Exercise instructions: Would you repeat exactly the part of the listing below that runs from the line containing "May include: A" down to the line containing "Close-Up Of Mangosteen Fruits On Table", inclusive, and nothing else?

Source data:

---

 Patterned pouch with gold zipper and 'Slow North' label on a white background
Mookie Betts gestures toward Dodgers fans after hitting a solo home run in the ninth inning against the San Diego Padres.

---

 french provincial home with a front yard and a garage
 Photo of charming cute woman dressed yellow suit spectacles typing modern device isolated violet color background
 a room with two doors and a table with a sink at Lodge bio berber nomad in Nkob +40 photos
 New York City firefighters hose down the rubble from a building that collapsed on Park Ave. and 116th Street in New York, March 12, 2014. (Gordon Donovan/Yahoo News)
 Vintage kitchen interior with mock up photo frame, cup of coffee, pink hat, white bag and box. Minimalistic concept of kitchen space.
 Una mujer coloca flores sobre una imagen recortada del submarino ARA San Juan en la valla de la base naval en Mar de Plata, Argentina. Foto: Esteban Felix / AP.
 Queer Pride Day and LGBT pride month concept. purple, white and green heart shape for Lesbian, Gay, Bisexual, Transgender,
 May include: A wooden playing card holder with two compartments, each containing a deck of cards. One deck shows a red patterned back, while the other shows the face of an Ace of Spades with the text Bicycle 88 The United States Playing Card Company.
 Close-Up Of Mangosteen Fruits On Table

---

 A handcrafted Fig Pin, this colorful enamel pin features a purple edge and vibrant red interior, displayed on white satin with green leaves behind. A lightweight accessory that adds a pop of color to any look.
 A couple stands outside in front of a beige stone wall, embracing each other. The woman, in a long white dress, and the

---

Output:
 May include: A wooden playing card holder with two compartments, each containing a deck of cards. One deck shows a red patterned back, while the other shows the face of an Ace of Spades with the text Bicycle 88 The United States Playing Card Company.
 Close-Up Of Mangosteen Fruits On Table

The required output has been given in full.